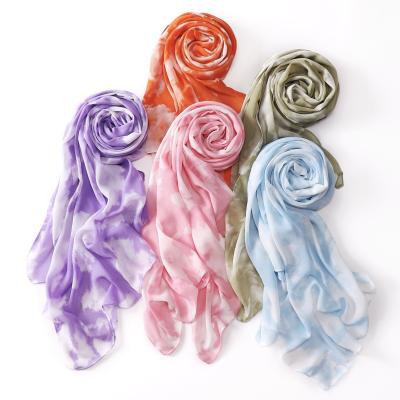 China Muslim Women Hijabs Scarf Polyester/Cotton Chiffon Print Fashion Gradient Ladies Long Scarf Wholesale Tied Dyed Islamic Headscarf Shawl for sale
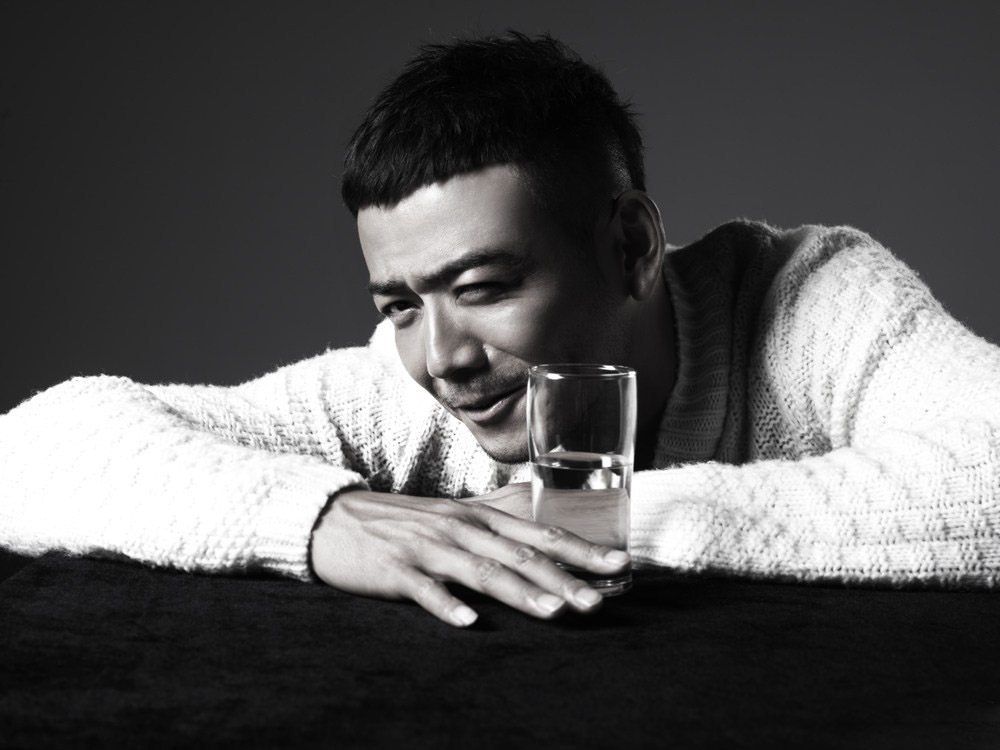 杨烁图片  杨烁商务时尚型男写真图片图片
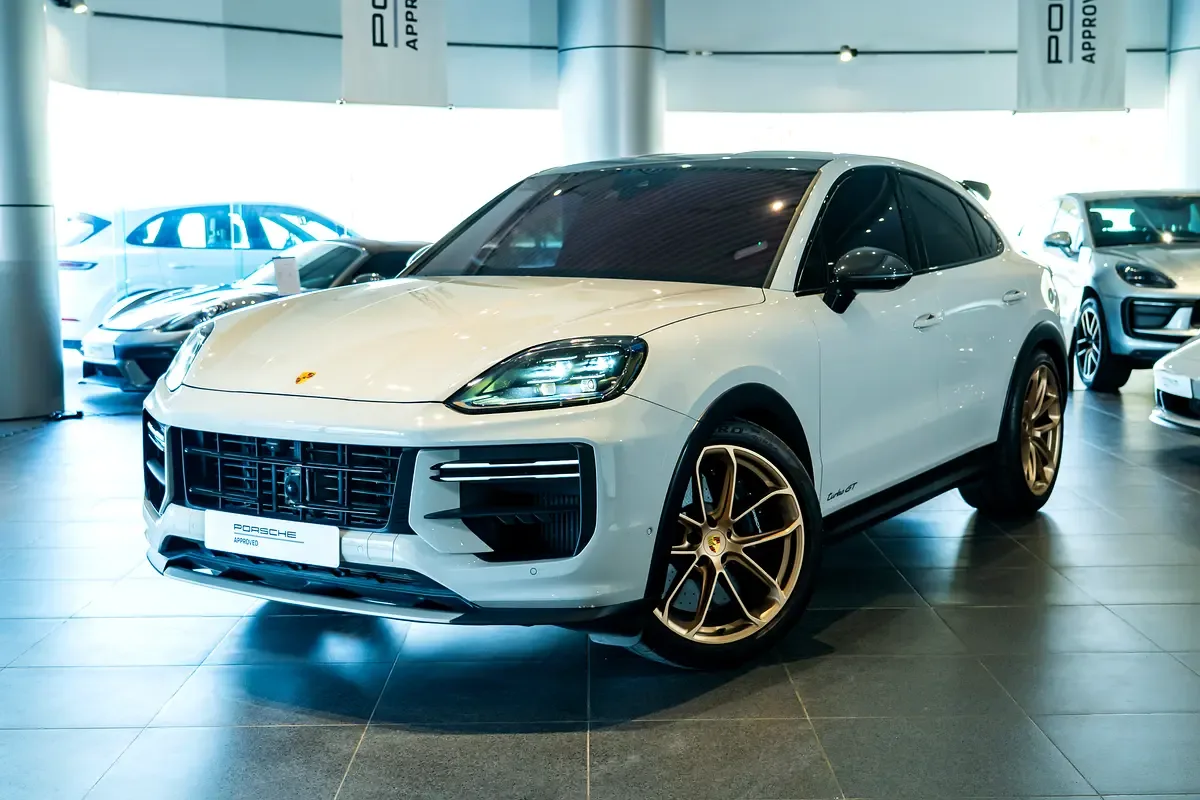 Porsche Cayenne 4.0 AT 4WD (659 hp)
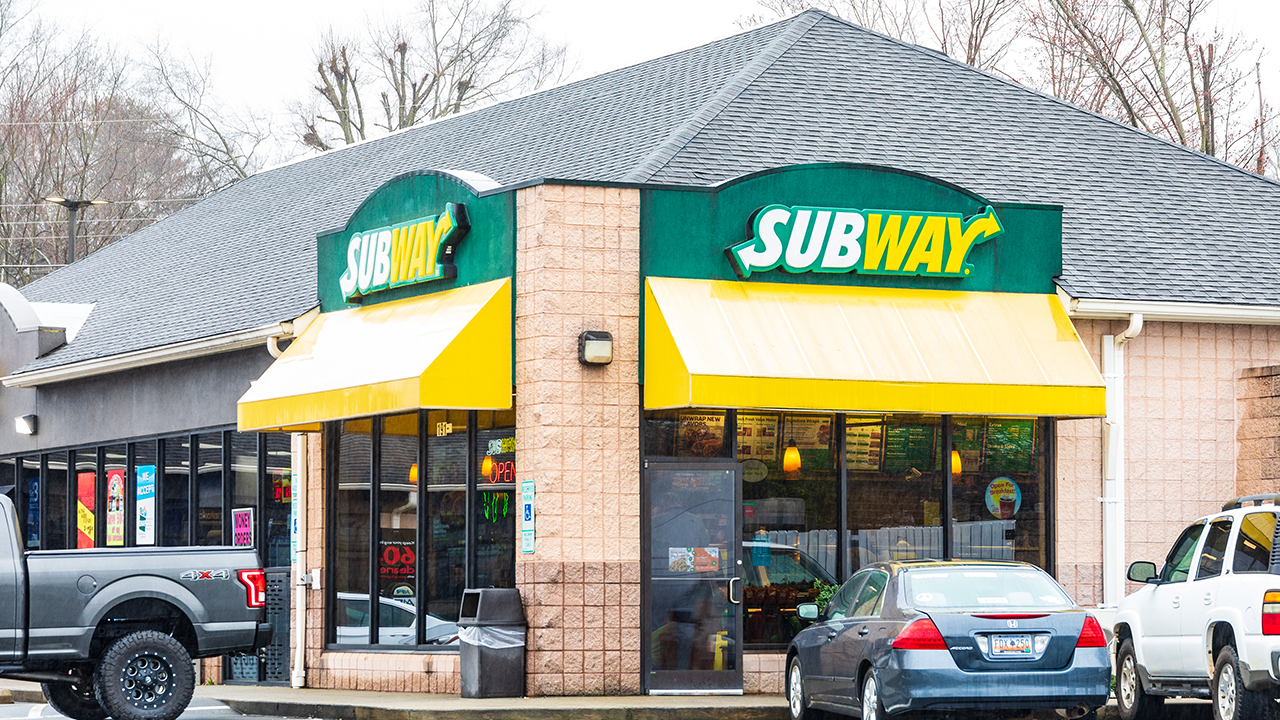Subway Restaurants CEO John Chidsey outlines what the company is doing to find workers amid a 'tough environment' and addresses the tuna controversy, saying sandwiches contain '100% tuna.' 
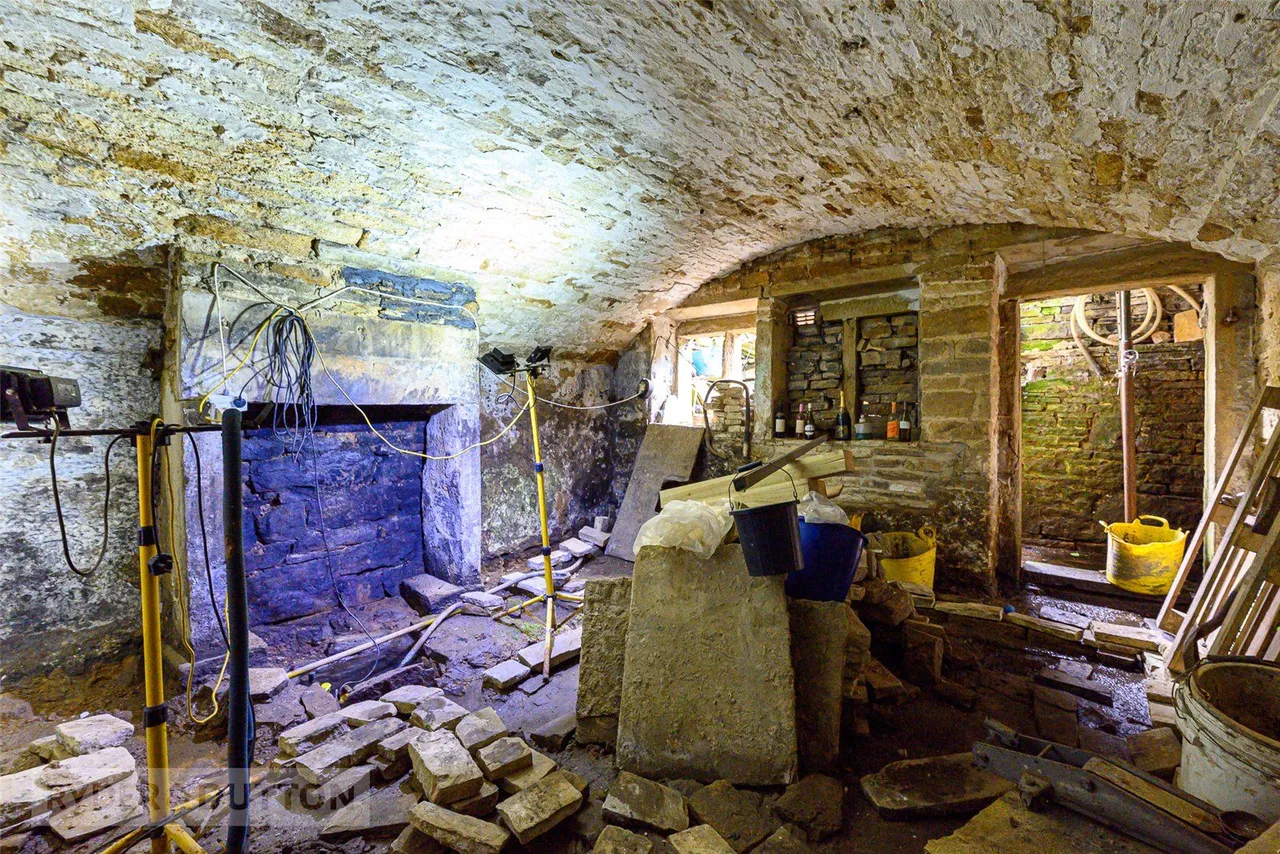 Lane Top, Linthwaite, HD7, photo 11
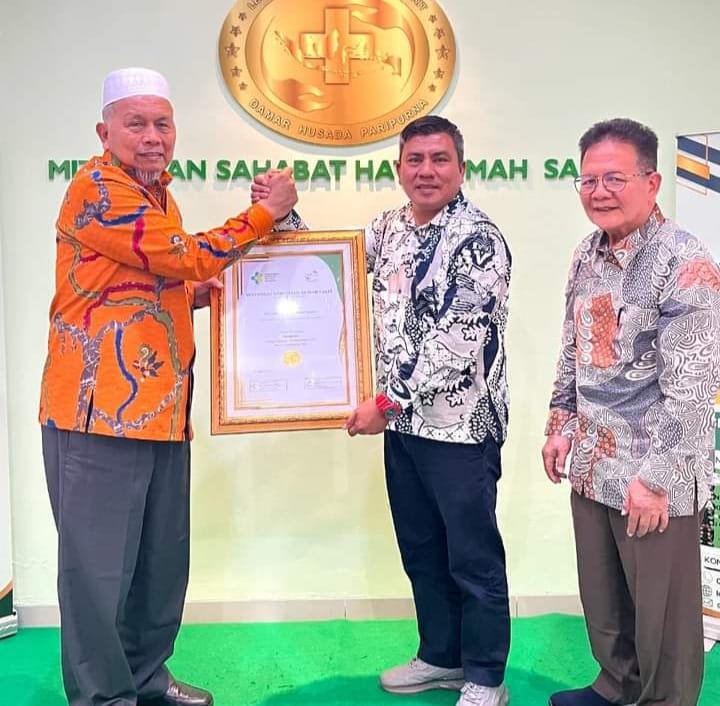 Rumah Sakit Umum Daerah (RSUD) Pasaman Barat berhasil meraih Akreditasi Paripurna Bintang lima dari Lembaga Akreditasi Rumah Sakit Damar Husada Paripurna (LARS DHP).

Exercise: Make an exact copy of the lines from the top of the material through the line with "Porsche Cayenne 4.0 AT 4WD (659 hp)", pictures excluded.

Final answer:
 China Muslim Women Hijabs Scarf Polyester/Cotton Chiffon Print Fashion Gradient Ladies Long Scarf Wholesale Tied Dyed Islamic Headscarf Shawl for sale
 杨烁图片  杨烁商务时尚型男写真图片图片
 Porsche Cayenne 4.0 AT 4WD (659 hp)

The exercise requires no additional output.